→ EXERCISE GOAL
Pictures stay out of the output. Return exactly the lines below from the one with "APL TechLoom Breeze" down to the one with "Nema lični identitet: Car", both included, and nothing more.

→ AVAILABLE RECORDS
___
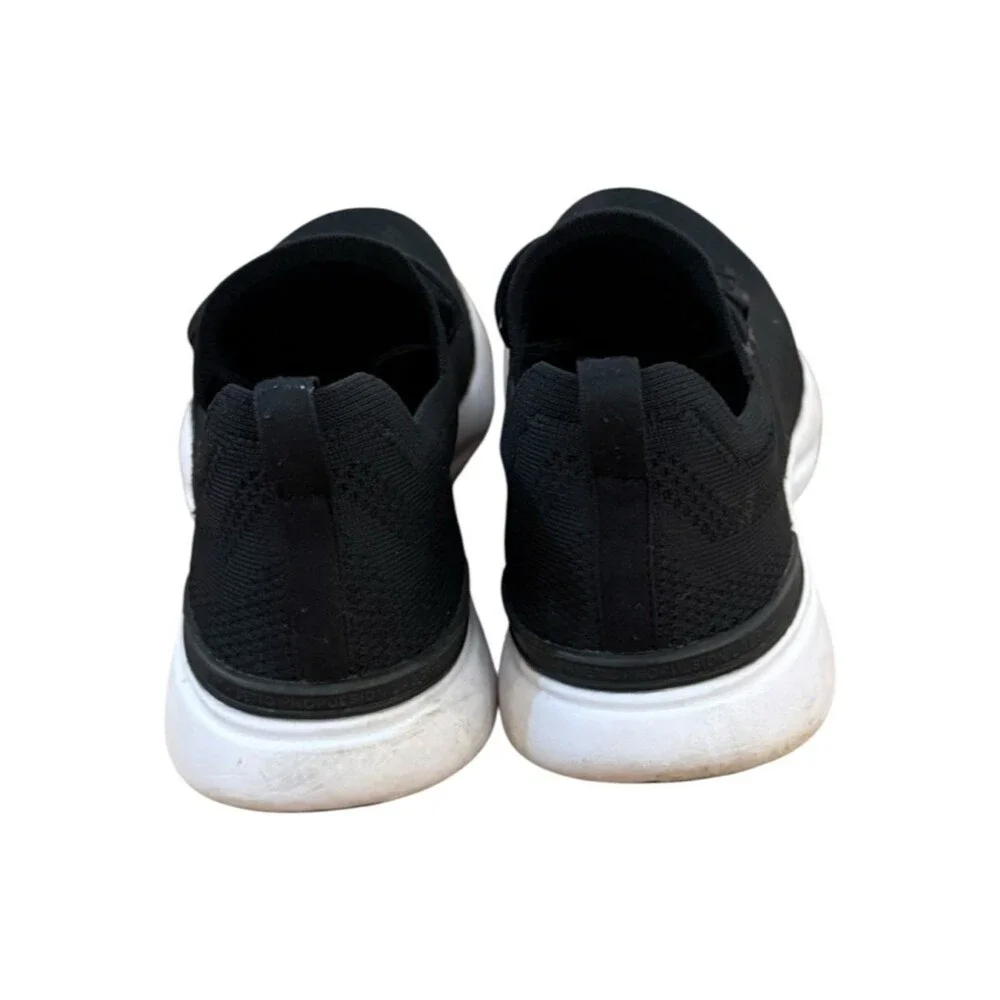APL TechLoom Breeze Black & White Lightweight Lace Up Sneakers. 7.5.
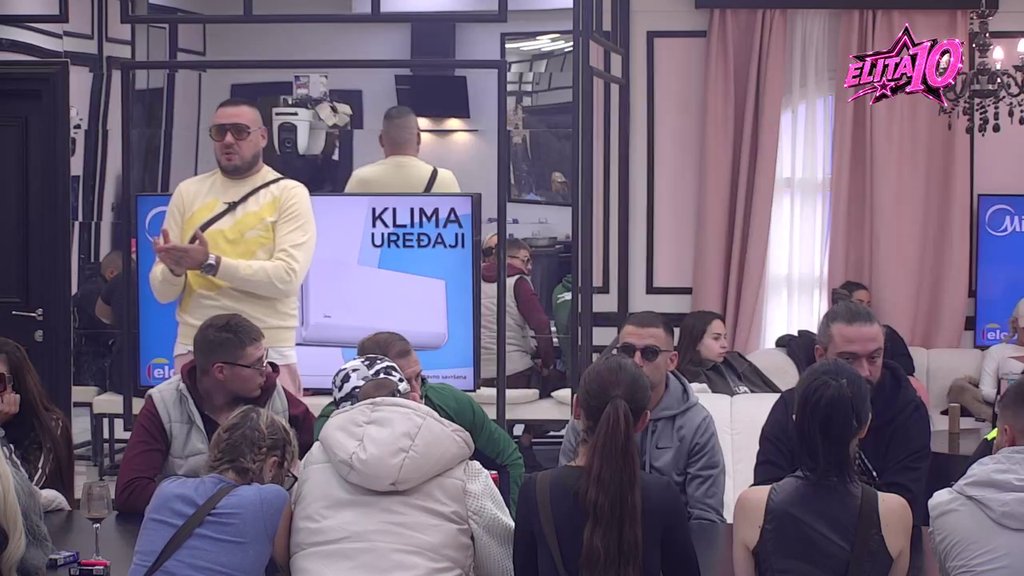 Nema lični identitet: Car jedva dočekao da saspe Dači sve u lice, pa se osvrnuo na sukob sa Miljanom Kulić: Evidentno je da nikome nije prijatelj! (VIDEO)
___
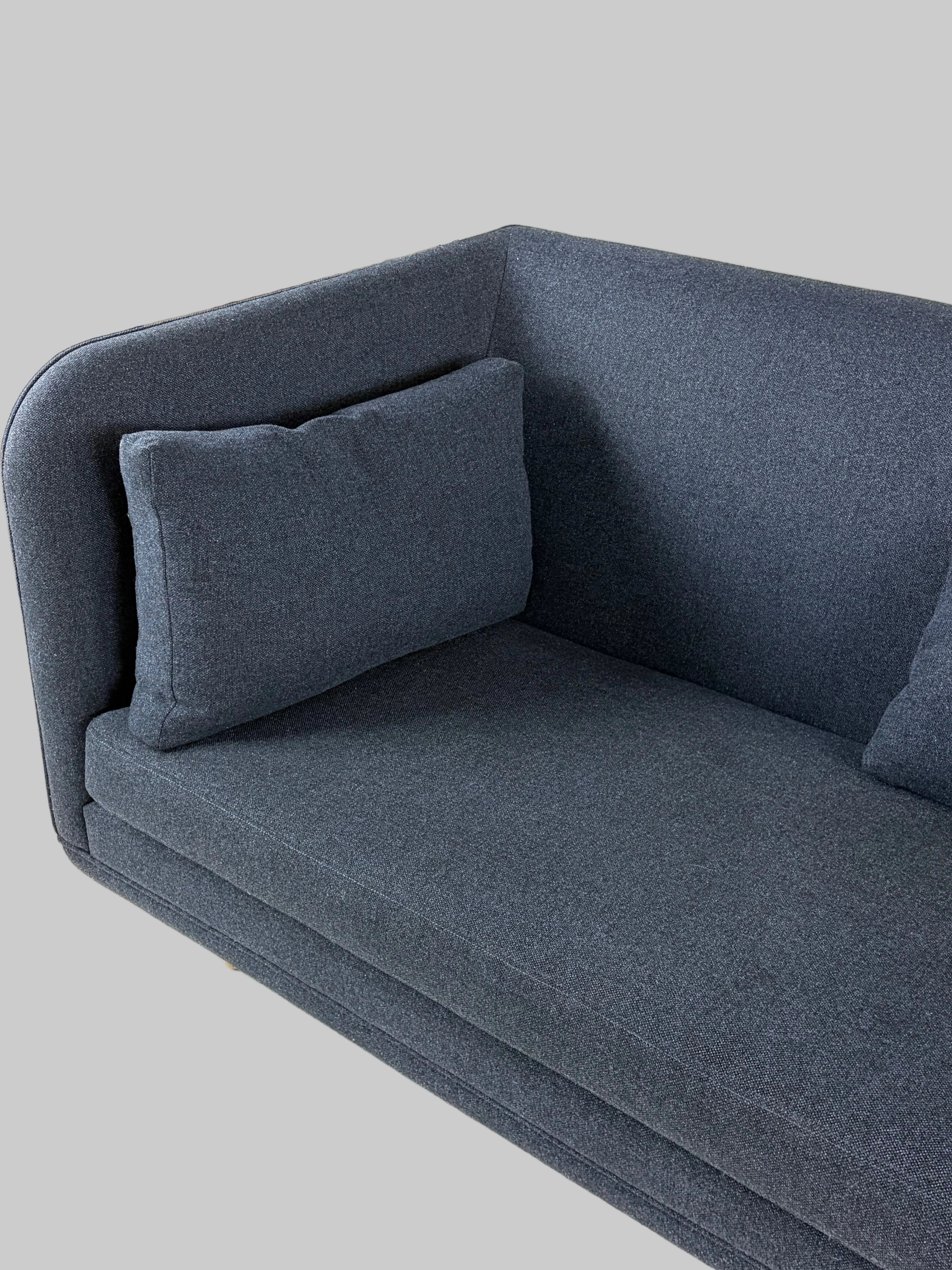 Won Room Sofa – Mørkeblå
___
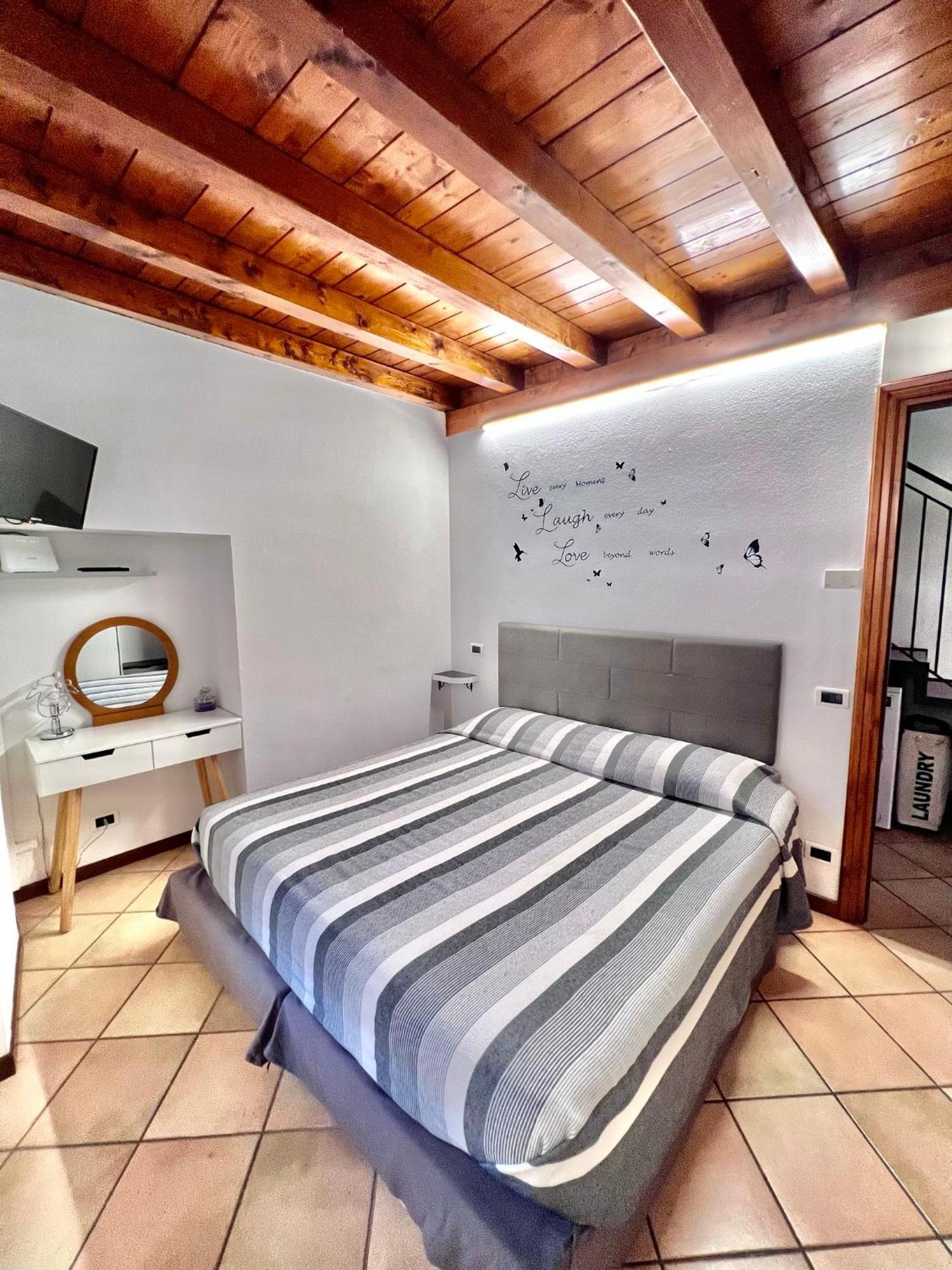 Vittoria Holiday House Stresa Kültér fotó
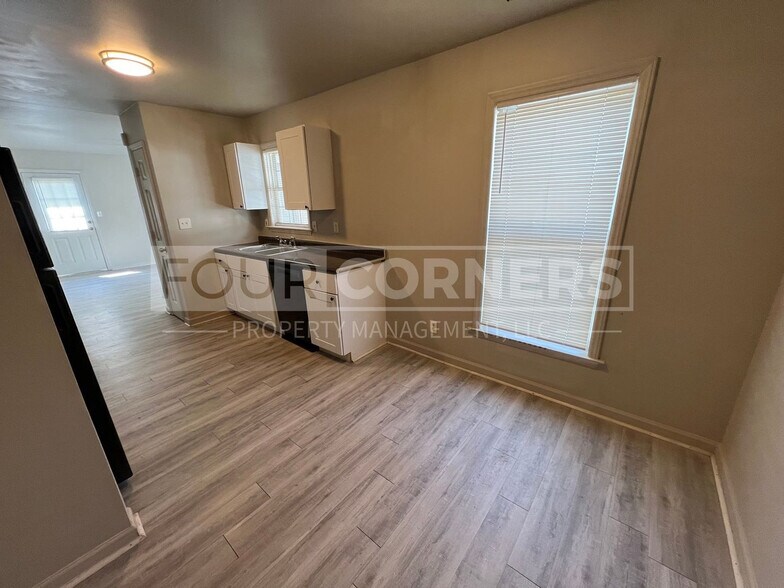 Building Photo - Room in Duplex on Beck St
___
→ WRITTEN ANSWER
APL TechLoom Breeze Black & White Lightweight Lace Up Sneakers. 7.5.
 Nema lični identitet: Car jedva dočekao da saspe Dači sve u lice, pa se osvrnuo na sukob sa Miljanom Kulić: Evidentno je da nikome nije prijatelj! (VIDEO)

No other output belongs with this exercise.